*** Data shown Section Begins ***

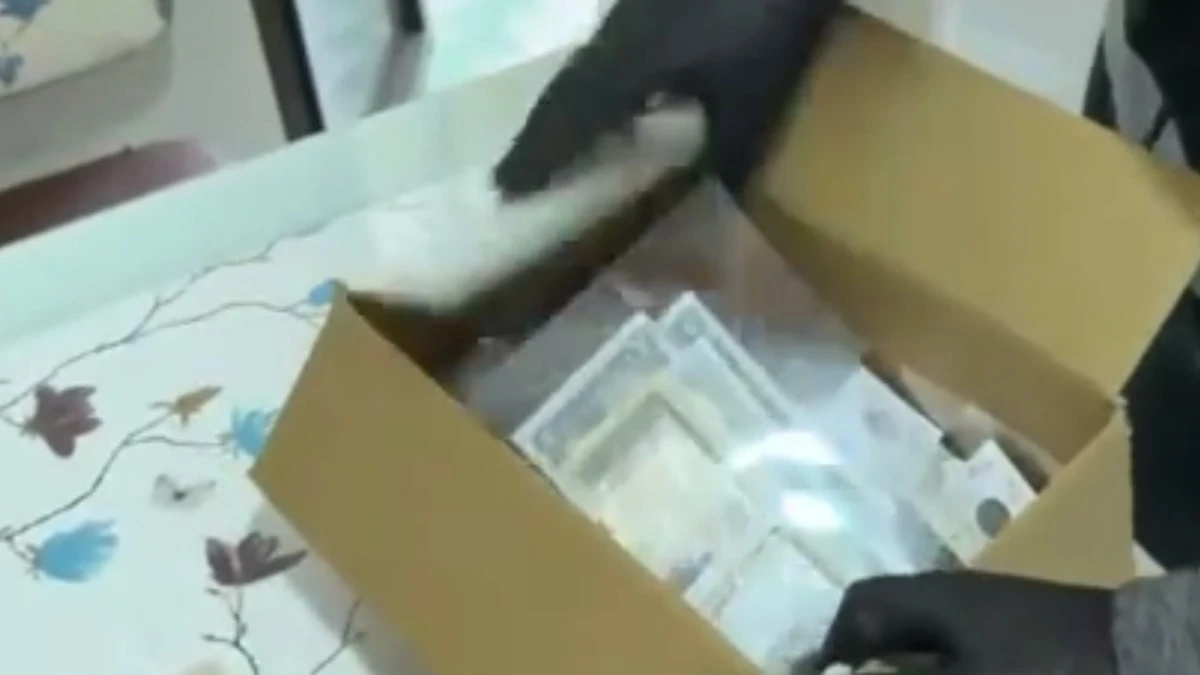 Tekirdağ'da tarihi eser operasyonu: 2 bin 314 sikke ele geçirildi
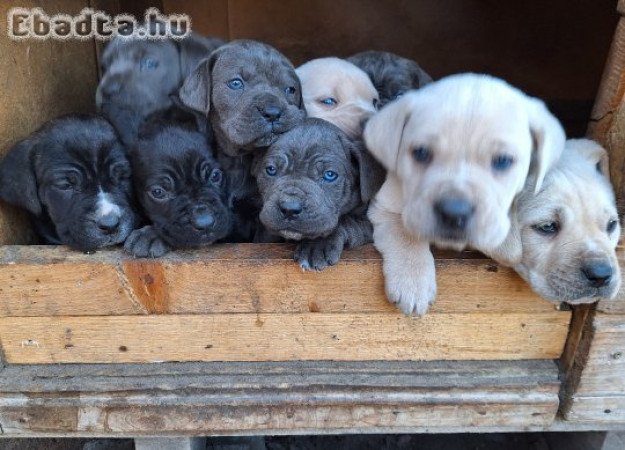 Cane corso kutyusok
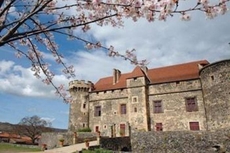 Chateau Royal de Saint-Saturnin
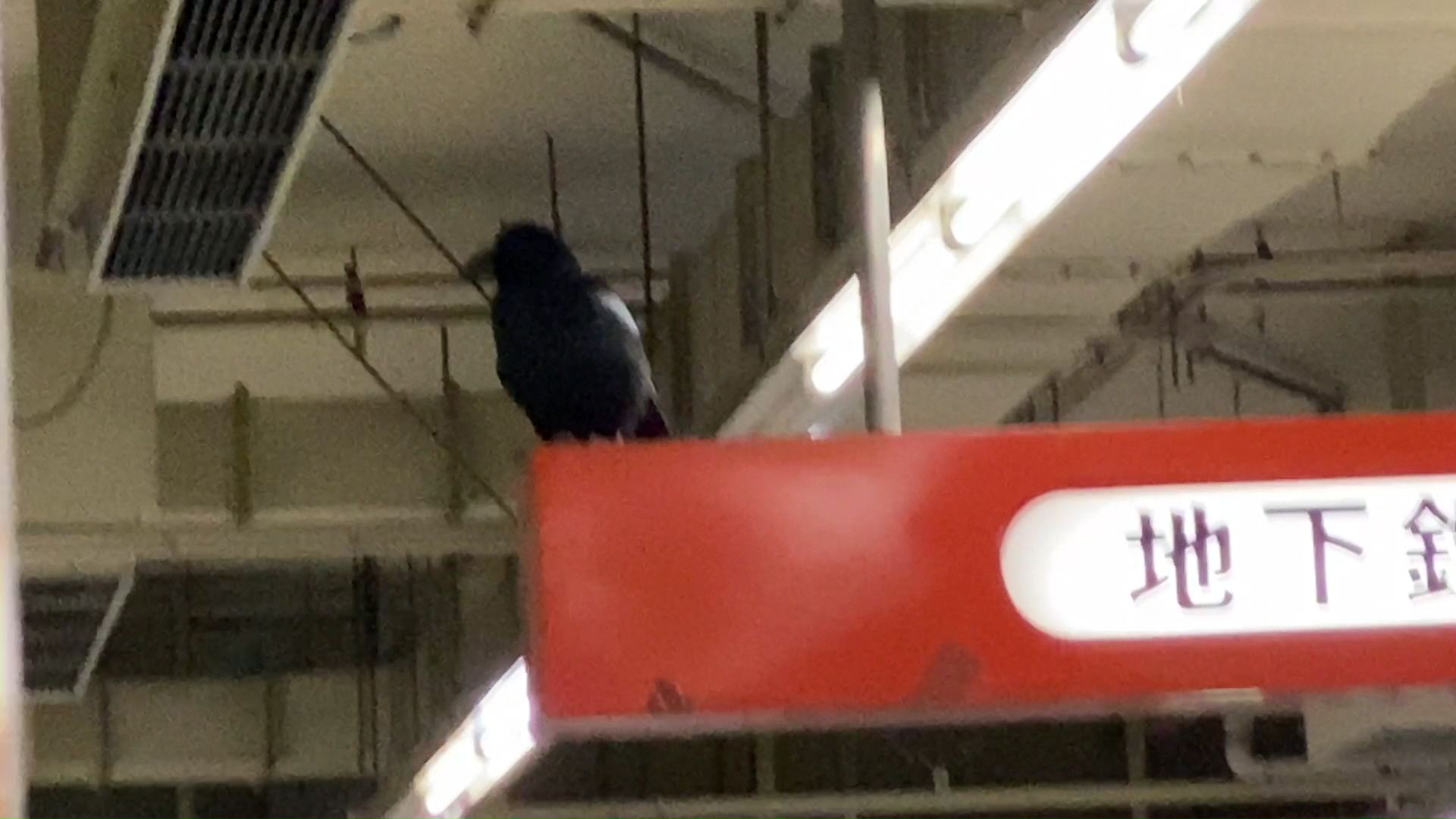 迷い込んだ1羽のカラス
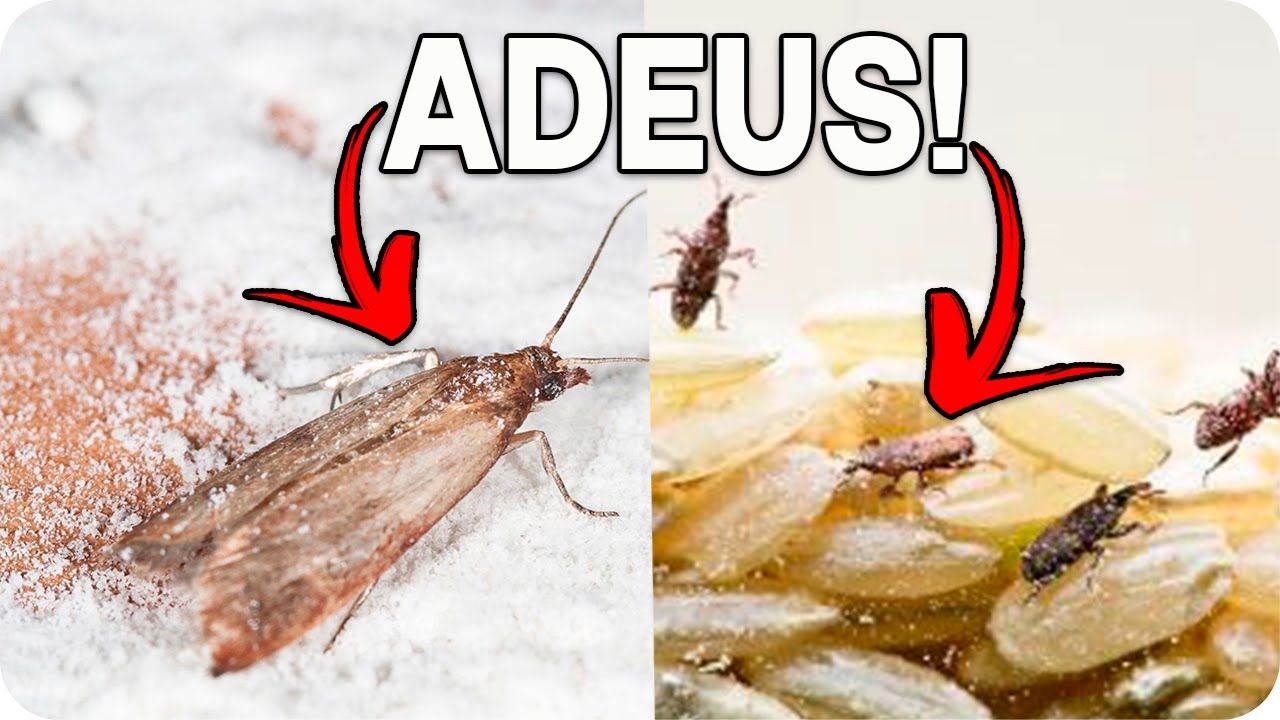 COMO EVITAR CARUNCHOS NOS ALIMENTOS - Adeus, carunchos!!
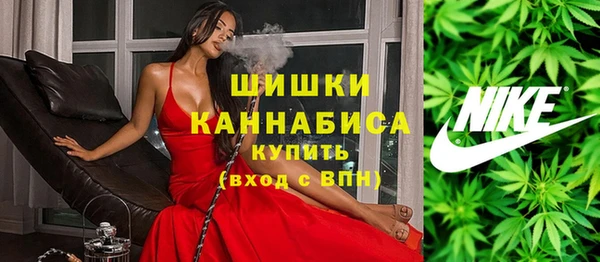 МДПВ Новозыбков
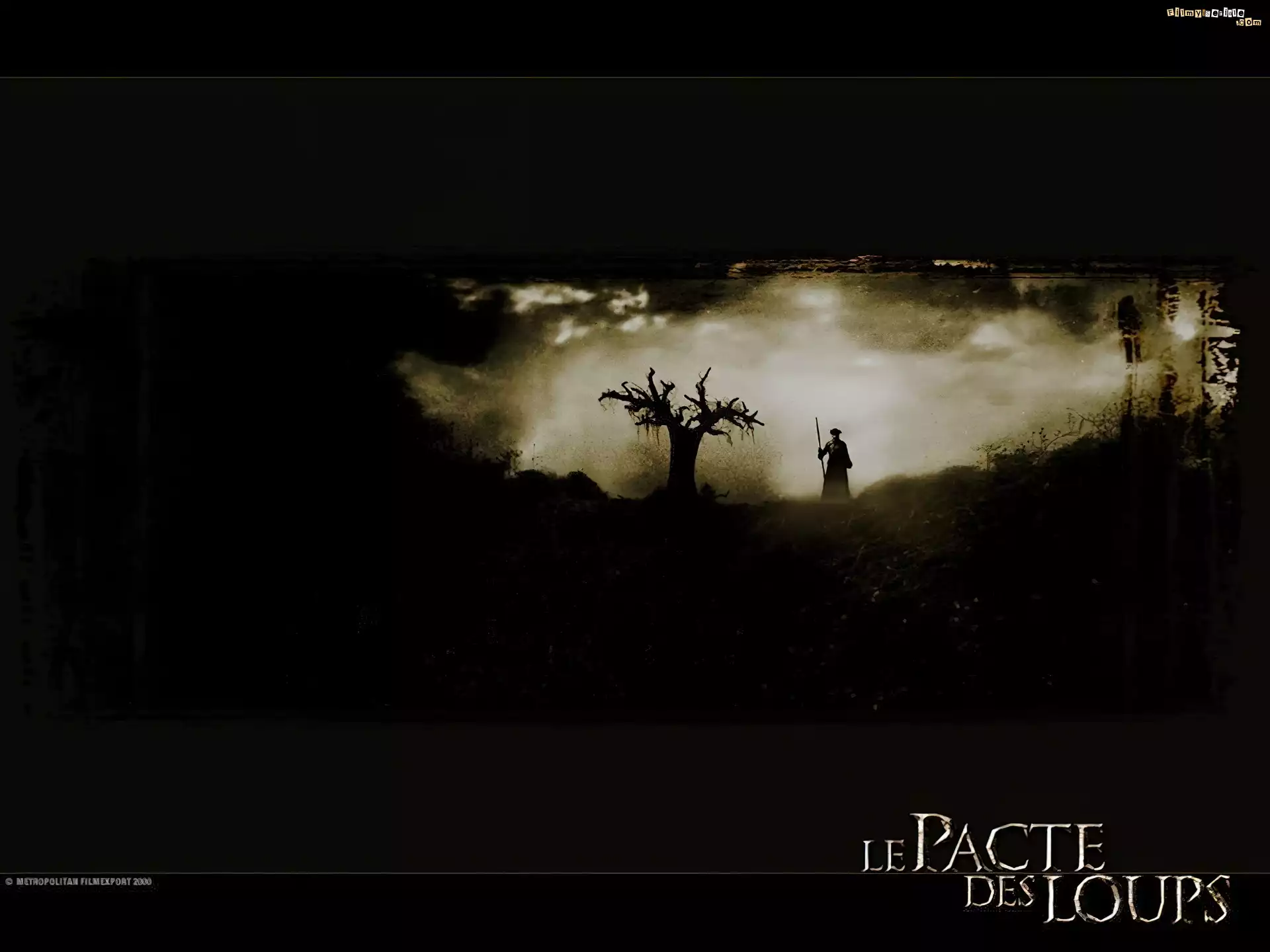 mgła, postać, drzewo, Brotherhood Of The Wolf
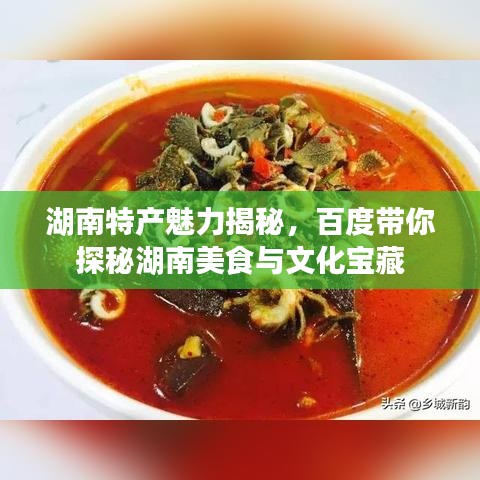 湖南特产魅力揭秘，百度带你探秘湖南美食与文化宝藏
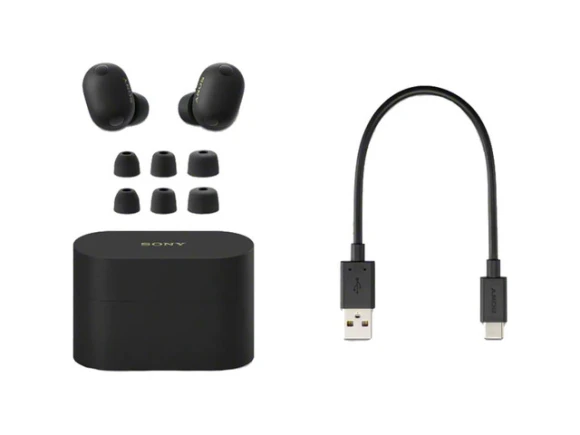 Truly Wireless Noise-Cancelling Earbuds — Wireless Earbuds, Sony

*** Data shown Section Ends ***

> [Problem description]:
Write out every line above again exactly, with the pictures left out.

> [Result of this task]:
 Tekirdağ'da tarihi eser operasyonu: 2 bin 314 sikke ele geçirildi
 Cane corso kutyusok
 Chateau Royal de Saint-Saturnin
 迷い込んだ1羽のカラス
 COMO EVITAR CARUNCHOS NOS ALIMENTOS - Adeus, carunchos!!
 МДПВ Новозыбков
 mgła, postać, drzewo, Brotherhood Of The Wolf
 湖南特产魅力揭秘，百度带你探秘湖南美食与文化宝藏
 Truly Wireless Noise-Cancelling Earbuds — Wireless Earbuds, Sony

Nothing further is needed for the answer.